Canberra-based exporters and professional services firms are capturing trade opportunities at a pace not seen since before the pandemic, driven by a combination of favourable currency conditions, new bilateral agreements, and the capital's deepening status as a hub for defence-adjacent and knowledge-economy industries. The shift is measurable: the ACT government's trade office recorded a 23 per cent increase in export facilitation inquiries in the first half of 2026 compared with the same period last year.
The timing matters. Global supply chains are being redrawn as AI infrastructure investment accelerates across Asia and the Indo-Pacific, creating fresh demand for the kind of high-value advisory, cybersecurity and policy expertise that Canberra organisations have quietly stockpiled for decades. While Melbourne's property investors have been retreating and Sydney wrestles with land competition from data centre developers, the ACT is finding its specialist positioning has become a commercial asset rather than a public-sector footnote.
Who Is Already Moving
The evidence is visible along Canberra Avenue's corridor of technology and consulting firms, and inside the Brindabella Business Park precinct near the airport, where several firms have restructured their operations to face outward rather than inward. Canberra-headquartered cybersecurity firm Penten, based in the suburb of Fyshwick, has expanded its client base into Southeast Asian government contracts over the past 18 months, a trend its peers in the sector are replicating. The Australian National University's 3A Institute, operating out of the Birch Building on the Acton campus, is delivering governance frameworks for AI deployment to clients in Singapore, Japan and the UAE, translating academic output directly into fee-generating international engagements.

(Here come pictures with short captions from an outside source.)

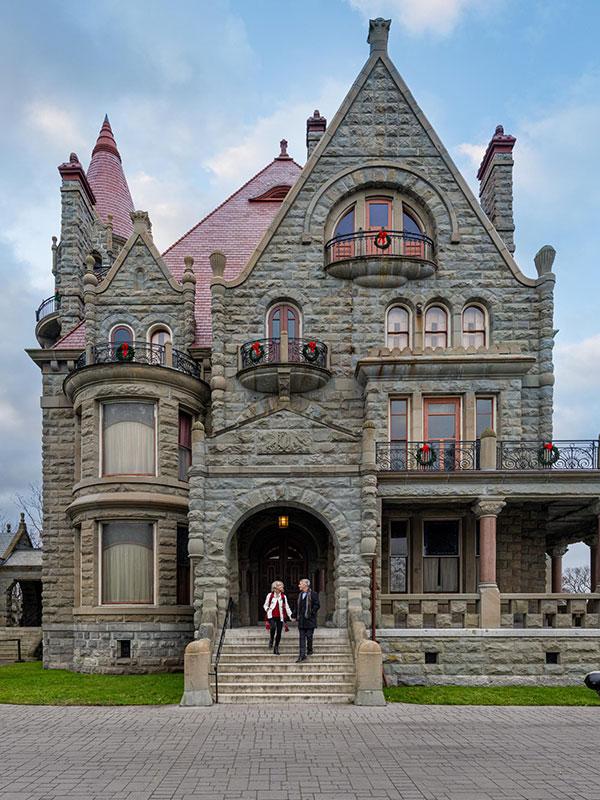 A couple walks hand-in-hand down the staircase out front of Craigdarroch Castle Historic House & Museum during the holidays in Victoria, BC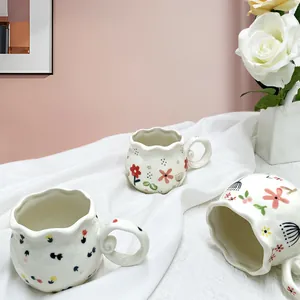 Three handmade ceramic coffee mugs with floral patterns and wavy rims in a cozy home setting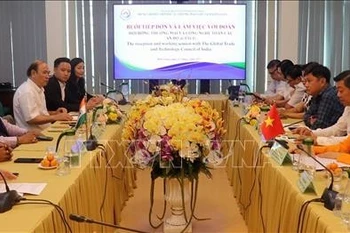 会议场景。图自越通社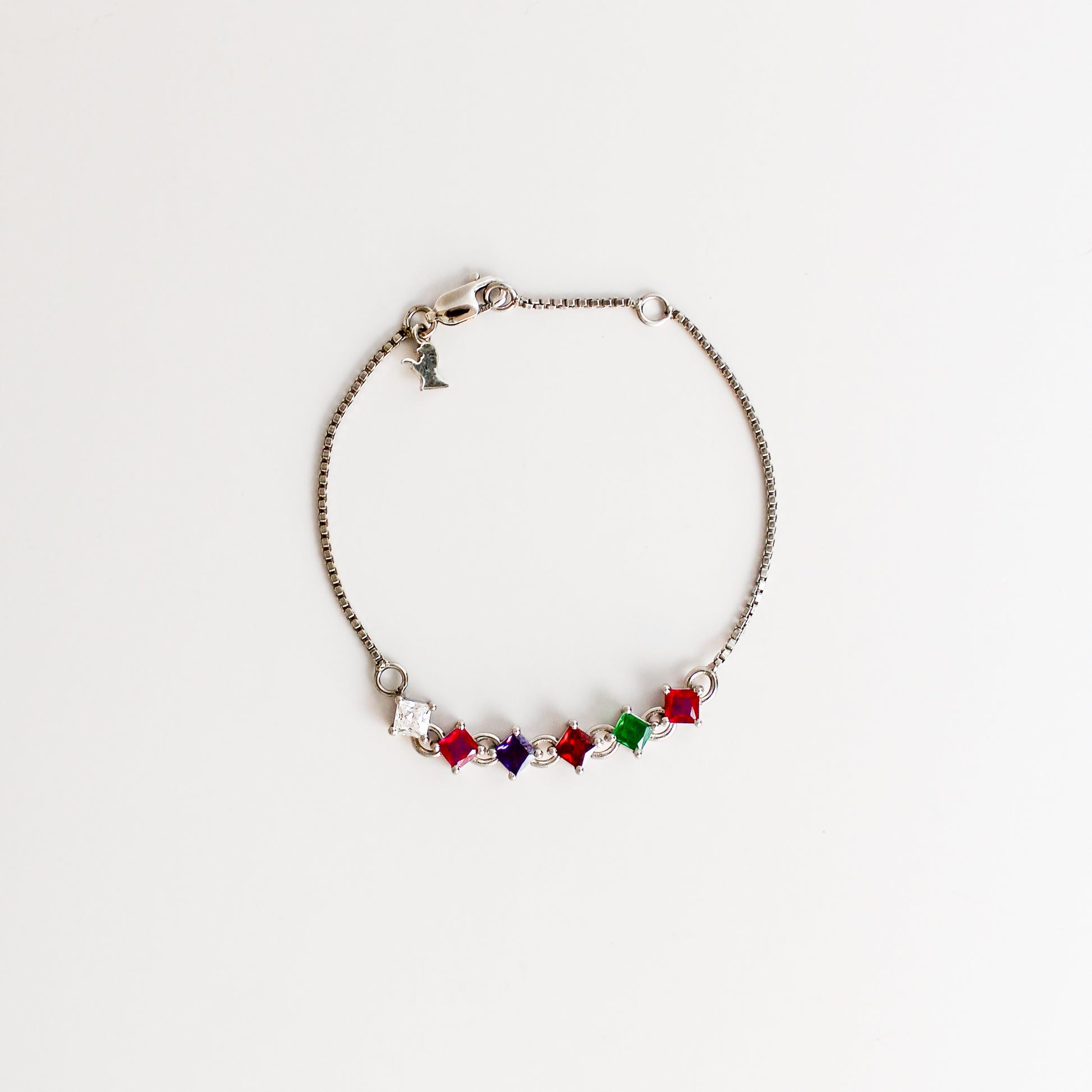 Linked Love Bracelet in sterling silver, acrostic REGARD square-cut CZ stones linked on box chain with bird charm and lobster clasp, Ether Jewelry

The ACT government's dedicated trade and investment unit, Invest Canberra, has been running a targeted program called the Global Connections Initiative since March 2025, specifically designed to match mid-sized ACT businesses with procurement pipelines in five priority markets: Singapore, South Korea, Canada, the UK and the UAE. Fourteen ACT companies completed the program's first full cohort by June 2026, with seven reporting signed international contracts within six months of participation. The program costs participants $4,500 for a full engagement cycle, and the government subsidises roughly 60 per cent of the facilitation cost.
The Numbers Behind the Shift
The ACT's exports of professional and financial services grew to $1.4 billion in the 2024-25 financial year, according to the most recent ABS data, up from $1.1 billion in 2022-23. That growth is concentrated in knowledge-intensive sectors rather than goods, which means Canberra's trade story is largely invisible to observers focused on port throughput or commodity prices. Defence-related professional services account for an estimated 30 per cent of that total, a figure that is expected to climb as AUKUS implementation spending accelerates through the late 2020s.
Currency has also helped. The Australian dollar has been trading in a band between US 62 and US 65 cents through most of 2026, making Australian-dollar-denominated services genuinely competitive against UK and North American alternatives for Asian buyers. For Canberra firms selling advisory services priced in AUD, that spread is commercially significant.
Smaller operators are noticing too. The Canberra Business Chamber, based on Giles Street in Kingston, has fielded a sharp rise in calls from members asking how to structure international invoicing and navigate foreign client compliance requirements, inquiries that would previously have come only from the largest consulting shops. The chamber ran three export-readiness workshops in the first half of 2026, compared with one in all of 2024.
For businesses not yet engaged, the practical entry point is shorter than many assume. Invest Canberra is accepting applications for the Global Connections Initiative's second cohort through August 2026, with priority given to firms in cybersecurity, education technology and climate advisory services. The ANU's Global Business Academy, running short-form trade literacy courses from its Kambri precinct at Acton, starts its next intake on 21 July. The window is open. The question is who decides to walk through it.